Slow Cooker Beef Stroganoff (Printable Version)

Melt-in-your-mouth beef with mushrooms and creamy sauce, served over noodles for a comforting family meal.

# Ingredients:

→ Beef Stroganoff

01 - 2 pounds beef stew meat or chuck roast, cut into bite-sized pieces
02 - 1 medium onion, diced
03 - 3 cloves garlic, minced
04 - 8 ounces mushrooms, sliced (button or cremini)
05 - 1 cup beef broth
06 - 1 tablespoon Worcestershire sauce
07 - 1 teaspoon Dijon mustard
08 - 1 teaspoon paprika
09 - Salt and pepper, to taste
10 - 1 cup sour cream or Greek yogurt
11 - 2 tablespoons cornstarch (optional, for thickening)

→ For Serving

12 - 12 ounces egg noodles or rice
13 - Fresh parsley, chopped, for garnish

# Steps:

01 - Season the beef with salt and pepper. For enhanced flavor, optionally brown the beef in a skillet over medium-high heat for 3 to 4 minutes per batch before transferring to the slow cooker.
02 - Place seasoned beef, diced onion, minced garlic, sliced mushrooms, beef broth, Worcestershire sauce, Dijon mustard, paprika, and additional salt and pepper in the slow cooker. Stir to thoroughly combine.
03 - Cover and cook on low for 6 to 8 hours or on high for 3 to 4 hours until beef is fork-tender.
04 - Stir in sour cream (or Greek yogurt) approximately 30 minutes before serving.
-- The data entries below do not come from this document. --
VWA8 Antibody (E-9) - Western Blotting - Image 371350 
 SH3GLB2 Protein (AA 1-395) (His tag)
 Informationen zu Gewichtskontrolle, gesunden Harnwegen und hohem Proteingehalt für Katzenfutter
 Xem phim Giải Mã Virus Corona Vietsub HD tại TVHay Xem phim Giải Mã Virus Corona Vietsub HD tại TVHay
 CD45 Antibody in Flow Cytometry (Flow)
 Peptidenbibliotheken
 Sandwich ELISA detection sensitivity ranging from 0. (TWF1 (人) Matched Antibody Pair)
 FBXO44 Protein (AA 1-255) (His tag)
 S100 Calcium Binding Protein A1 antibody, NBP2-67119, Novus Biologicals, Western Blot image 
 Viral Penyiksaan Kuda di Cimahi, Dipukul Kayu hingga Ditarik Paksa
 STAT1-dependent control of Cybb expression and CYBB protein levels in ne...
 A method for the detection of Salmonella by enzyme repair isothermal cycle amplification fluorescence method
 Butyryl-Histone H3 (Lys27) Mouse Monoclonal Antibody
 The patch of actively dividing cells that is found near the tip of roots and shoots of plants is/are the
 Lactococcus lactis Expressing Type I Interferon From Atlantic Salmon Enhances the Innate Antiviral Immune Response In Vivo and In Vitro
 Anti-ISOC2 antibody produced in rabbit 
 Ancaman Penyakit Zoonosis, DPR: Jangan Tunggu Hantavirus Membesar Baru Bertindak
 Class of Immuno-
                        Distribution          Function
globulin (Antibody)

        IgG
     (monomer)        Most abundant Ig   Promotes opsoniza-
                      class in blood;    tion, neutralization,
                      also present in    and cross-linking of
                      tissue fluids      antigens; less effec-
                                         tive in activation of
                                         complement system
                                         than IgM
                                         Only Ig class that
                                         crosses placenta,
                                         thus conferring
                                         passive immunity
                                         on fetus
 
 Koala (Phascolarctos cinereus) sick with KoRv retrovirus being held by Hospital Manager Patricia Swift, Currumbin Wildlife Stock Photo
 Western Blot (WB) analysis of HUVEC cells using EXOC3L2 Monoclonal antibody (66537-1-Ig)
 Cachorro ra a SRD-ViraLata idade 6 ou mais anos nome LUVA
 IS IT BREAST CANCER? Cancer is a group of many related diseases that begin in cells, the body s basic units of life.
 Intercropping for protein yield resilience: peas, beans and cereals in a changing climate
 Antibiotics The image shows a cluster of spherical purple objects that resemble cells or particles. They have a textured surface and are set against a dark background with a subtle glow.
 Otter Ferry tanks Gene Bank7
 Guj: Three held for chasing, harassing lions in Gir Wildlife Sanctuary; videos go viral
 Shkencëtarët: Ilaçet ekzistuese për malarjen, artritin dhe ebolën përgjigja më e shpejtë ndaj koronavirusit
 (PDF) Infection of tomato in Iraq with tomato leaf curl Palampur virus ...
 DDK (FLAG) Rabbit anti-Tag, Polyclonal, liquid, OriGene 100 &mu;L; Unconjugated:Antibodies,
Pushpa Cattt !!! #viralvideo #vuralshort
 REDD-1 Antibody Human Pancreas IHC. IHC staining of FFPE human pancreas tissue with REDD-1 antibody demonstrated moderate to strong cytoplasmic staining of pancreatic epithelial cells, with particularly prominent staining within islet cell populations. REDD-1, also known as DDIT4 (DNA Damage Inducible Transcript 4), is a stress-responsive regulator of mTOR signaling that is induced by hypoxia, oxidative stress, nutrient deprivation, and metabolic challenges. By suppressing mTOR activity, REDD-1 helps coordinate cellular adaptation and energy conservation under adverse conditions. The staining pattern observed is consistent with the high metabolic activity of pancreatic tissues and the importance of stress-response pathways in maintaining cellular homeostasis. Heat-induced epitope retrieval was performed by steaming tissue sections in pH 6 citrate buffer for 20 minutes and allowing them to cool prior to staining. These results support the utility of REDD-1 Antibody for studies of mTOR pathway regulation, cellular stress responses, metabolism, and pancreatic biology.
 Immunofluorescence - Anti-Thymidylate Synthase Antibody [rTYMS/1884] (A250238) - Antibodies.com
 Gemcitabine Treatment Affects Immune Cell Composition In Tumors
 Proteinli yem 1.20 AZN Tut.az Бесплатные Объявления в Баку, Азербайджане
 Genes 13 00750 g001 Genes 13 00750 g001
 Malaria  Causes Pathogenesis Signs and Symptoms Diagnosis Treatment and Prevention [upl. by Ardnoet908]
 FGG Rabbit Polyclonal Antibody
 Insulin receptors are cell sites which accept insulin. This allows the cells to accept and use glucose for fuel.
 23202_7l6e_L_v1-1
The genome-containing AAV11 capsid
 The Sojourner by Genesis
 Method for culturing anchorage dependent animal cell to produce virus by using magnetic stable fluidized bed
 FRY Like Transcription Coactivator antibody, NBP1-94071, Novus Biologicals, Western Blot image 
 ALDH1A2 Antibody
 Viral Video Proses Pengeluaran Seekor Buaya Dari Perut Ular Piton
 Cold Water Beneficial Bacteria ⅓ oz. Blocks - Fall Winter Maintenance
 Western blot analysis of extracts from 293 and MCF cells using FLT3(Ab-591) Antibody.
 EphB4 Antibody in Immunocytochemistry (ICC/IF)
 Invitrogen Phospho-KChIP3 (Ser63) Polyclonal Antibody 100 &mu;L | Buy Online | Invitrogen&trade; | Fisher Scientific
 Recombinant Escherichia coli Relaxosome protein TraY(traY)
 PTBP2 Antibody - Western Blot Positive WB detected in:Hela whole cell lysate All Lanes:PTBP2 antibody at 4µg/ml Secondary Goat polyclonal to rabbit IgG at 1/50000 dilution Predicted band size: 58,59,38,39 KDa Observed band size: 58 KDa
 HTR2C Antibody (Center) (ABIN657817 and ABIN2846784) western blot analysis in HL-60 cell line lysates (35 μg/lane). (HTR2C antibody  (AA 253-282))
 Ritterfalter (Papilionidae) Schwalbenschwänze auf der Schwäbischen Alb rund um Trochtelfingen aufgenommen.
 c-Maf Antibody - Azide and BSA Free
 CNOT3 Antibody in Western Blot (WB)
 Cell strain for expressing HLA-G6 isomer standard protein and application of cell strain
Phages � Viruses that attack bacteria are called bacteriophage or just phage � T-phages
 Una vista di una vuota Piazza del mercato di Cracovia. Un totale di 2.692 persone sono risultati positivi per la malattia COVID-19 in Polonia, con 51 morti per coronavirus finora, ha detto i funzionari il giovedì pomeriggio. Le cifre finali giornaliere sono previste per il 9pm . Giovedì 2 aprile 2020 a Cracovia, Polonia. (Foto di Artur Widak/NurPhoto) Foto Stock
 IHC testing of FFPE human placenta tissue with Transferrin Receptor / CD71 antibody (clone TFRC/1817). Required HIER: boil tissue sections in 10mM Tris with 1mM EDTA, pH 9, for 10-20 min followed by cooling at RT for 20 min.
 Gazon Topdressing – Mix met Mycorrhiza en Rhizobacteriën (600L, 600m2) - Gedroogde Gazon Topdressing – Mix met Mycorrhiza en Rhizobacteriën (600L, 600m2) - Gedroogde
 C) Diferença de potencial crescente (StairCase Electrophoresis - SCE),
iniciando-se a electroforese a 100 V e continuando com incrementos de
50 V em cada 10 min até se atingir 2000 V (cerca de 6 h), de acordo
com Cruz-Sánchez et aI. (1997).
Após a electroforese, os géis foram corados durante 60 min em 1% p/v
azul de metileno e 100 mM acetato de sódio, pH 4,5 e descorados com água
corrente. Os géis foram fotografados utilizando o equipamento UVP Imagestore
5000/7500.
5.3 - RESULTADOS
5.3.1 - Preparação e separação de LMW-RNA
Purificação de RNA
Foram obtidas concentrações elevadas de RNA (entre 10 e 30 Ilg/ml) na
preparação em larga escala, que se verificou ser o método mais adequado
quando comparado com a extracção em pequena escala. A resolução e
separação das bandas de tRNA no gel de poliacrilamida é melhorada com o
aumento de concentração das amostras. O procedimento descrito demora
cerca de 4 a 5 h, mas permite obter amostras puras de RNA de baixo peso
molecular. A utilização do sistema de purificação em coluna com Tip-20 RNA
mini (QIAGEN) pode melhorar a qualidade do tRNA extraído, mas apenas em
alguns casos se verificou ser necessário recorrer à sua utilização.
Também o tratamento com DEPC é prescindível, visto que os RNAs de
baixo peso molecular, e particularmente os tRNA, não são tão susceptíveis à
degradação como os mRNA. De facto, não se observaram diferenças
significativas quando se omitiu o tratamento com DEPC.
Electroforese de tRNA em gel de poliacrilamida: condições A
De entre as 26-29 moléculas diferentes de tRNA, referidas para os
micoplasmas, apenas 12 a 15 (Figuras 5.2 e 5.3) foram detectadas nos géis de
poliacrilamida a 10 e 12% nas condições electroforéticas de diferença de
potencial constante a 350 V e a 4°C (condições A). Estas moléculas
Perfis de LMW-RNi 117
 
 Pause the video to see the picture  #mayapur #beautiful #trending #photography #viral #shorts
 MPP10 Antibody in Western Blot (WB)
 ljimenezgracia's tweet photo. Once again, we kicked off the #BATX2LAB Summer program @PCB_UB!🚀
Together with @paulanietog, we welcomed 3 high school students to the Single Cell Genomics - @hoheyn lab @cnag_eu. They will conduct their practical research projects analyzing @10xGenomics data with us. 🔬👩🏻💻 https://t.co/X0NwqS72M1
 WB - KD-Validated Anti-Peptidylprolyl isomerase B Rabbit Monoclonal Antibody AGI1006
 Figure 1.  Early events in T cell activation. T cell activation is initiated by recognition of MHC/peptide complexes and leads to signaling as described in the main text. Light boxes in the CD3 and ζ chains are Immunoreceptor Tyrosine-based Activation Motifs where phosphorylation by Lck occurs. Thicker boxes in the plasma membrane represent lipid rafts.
For a thicker sauce, blend cornstarch with a small amount of water to form a slurry, add to the slow cooker, and continue cooking for an additional 30 minutes.
05 - Cook egg noodles according to package directions in boiling water. Drain well and set aside.
06 - Serve the beef stroganoff over the cooked egg noodles or rice. Garnish generously with chopped fresh parsley before serving.

# Notes:

01 - Browning the beef before slow cooking builds depth of flavor, though this step is optional.